What the task requires →
Look through the listing below for the line containing "Thank you for". Copy it and each line after it up to and including the line containing "Another way to", exactly, leaving out pictures.

(The data)

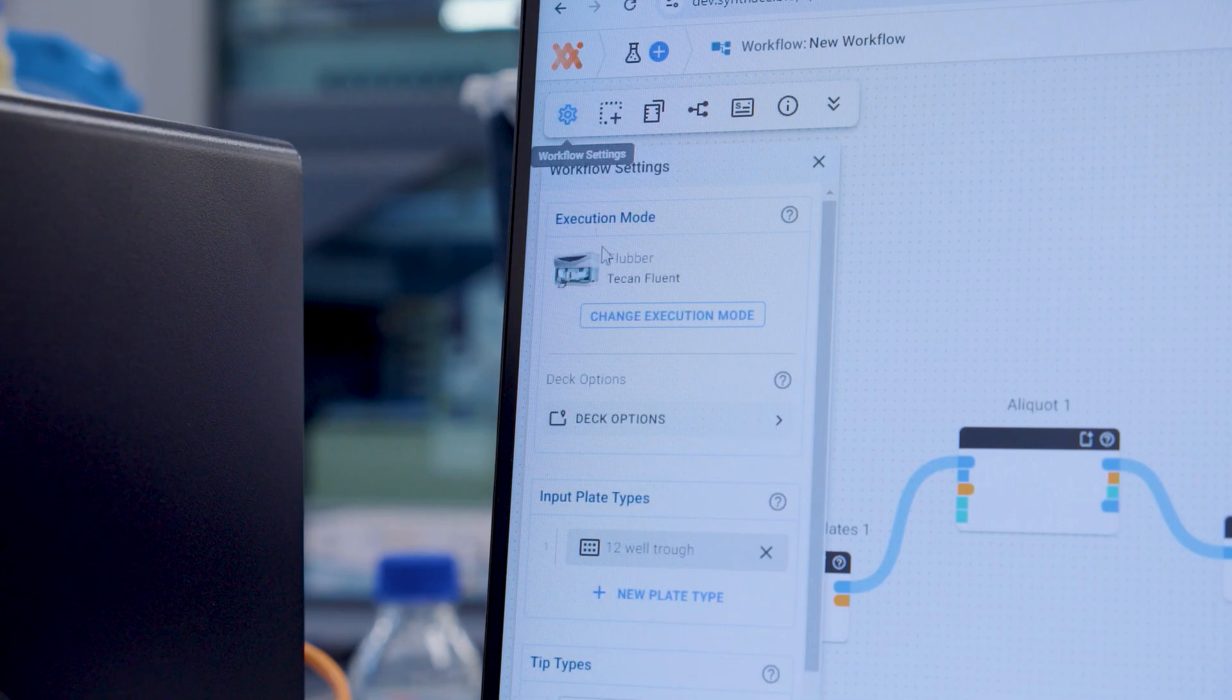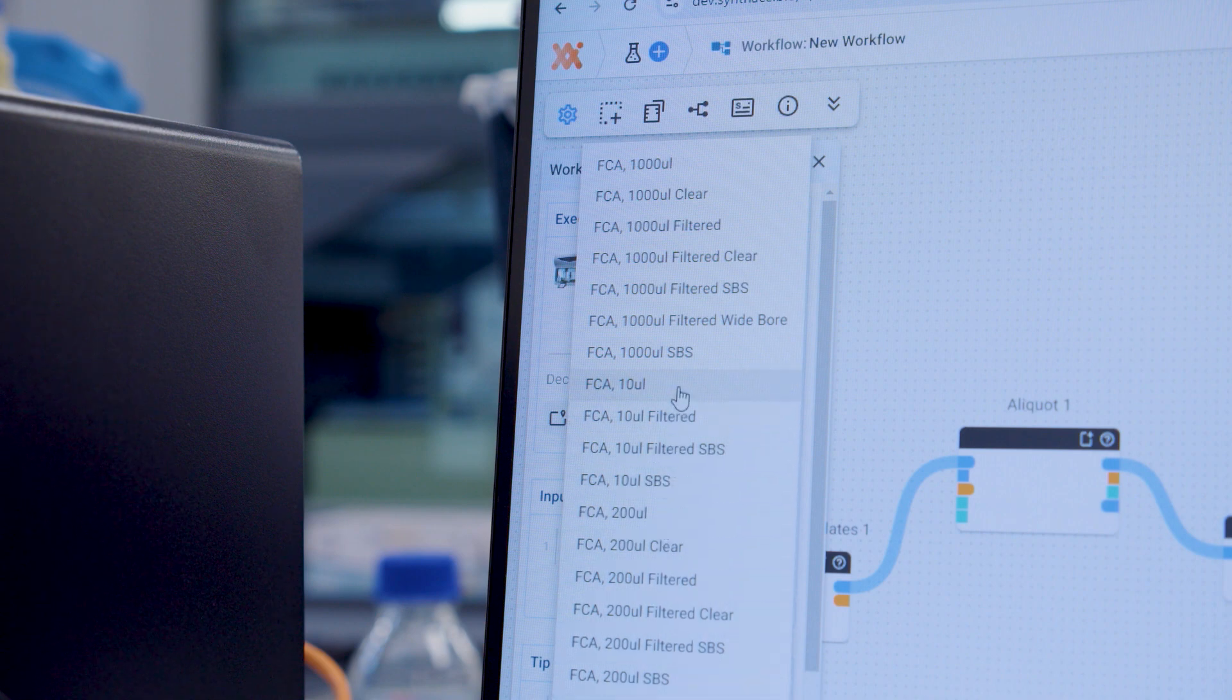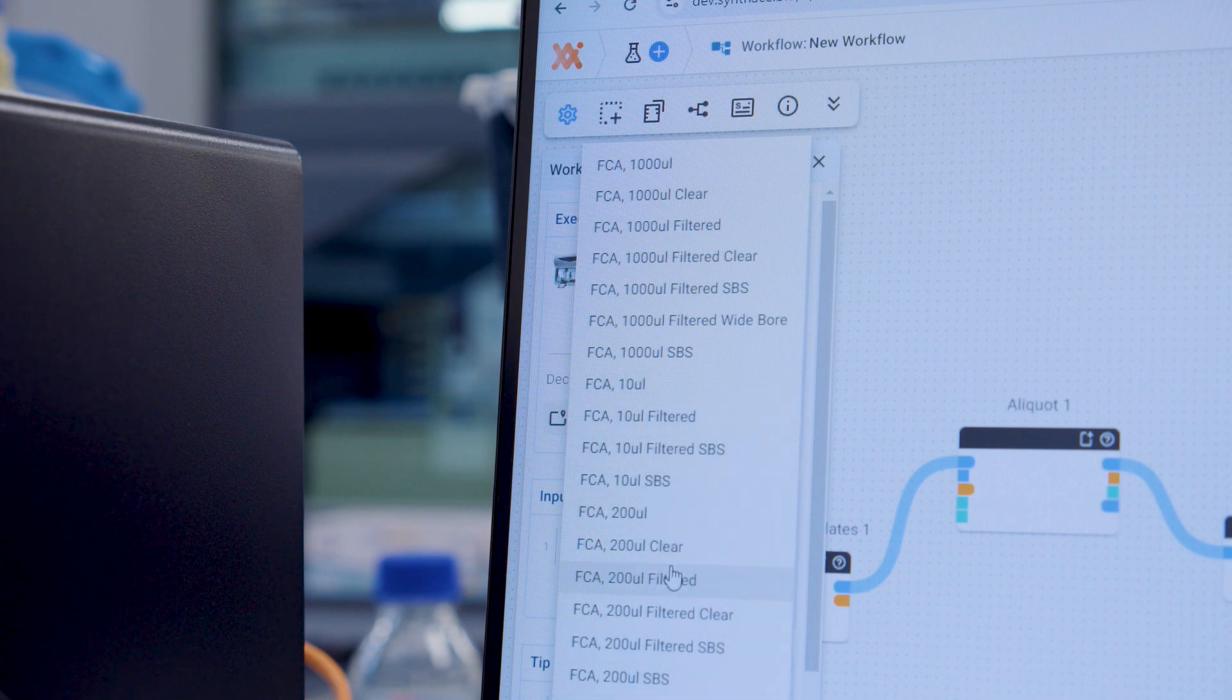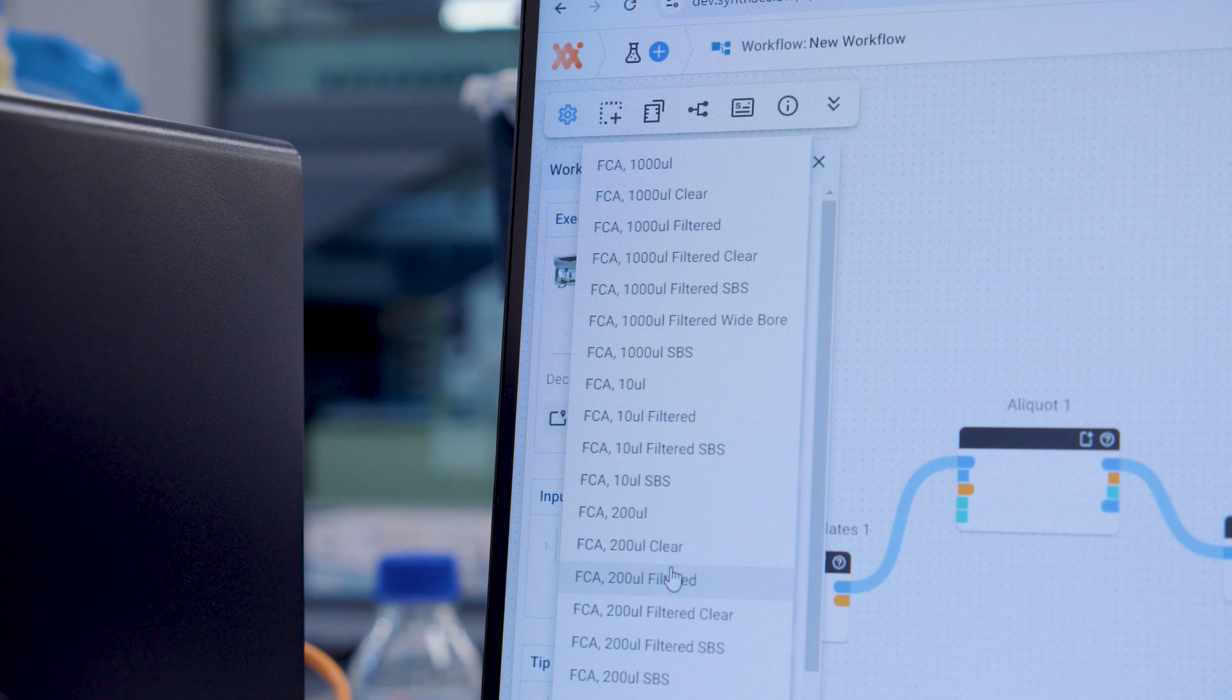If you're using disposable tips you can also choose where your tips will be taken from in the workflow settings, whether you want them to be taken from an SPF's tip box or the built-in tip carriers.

(End The data)
(The data)

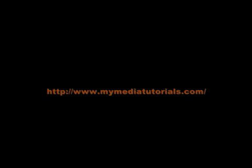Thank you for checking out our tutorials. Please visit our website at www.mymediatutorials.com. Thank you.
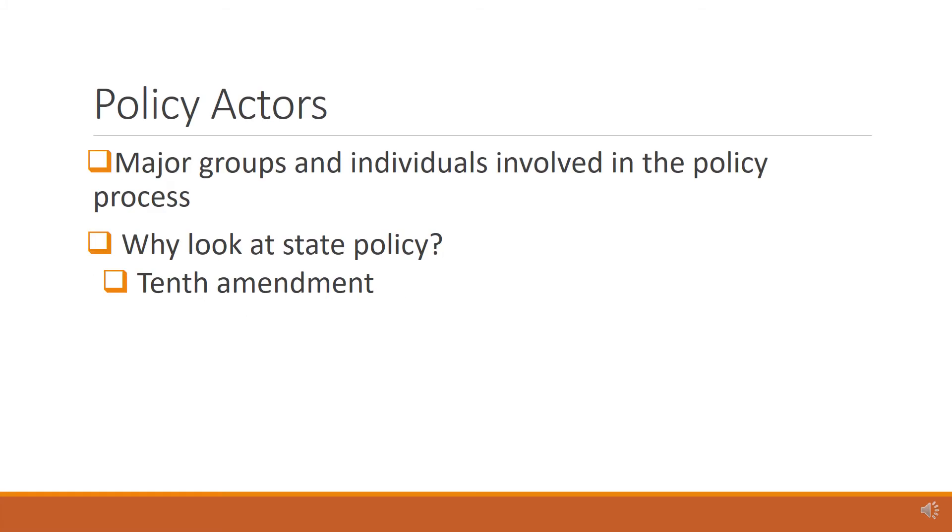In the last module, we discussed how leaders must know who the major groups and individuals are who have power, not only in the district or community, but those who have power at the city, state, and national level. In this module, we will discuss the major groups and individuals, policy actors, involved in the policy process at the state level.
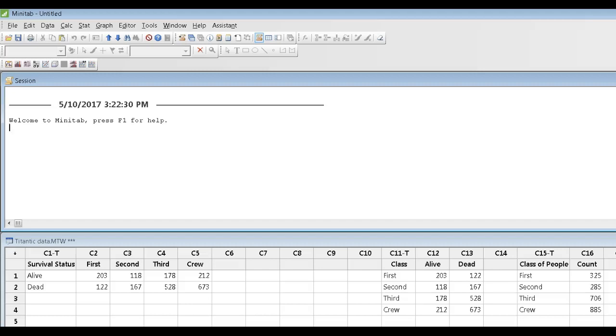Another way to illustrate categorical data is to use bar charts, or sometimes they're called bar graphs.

(End The data)

Written answer →
Thank you for checking out our tutorials. Please visit our website at www.mymediatutorials.com. Thank you.
In the last module, we discussed how leaders must know who the major groups and individuals are who have power, not only in the district or community, but those who have power at the city, state, and national level. In this module, we will discuss the major groups and individuals, policy actors, involved in the policy process at the state level.
Another way to illustrate categorical data is to use bar charts, or sometimes they're called bar graphs.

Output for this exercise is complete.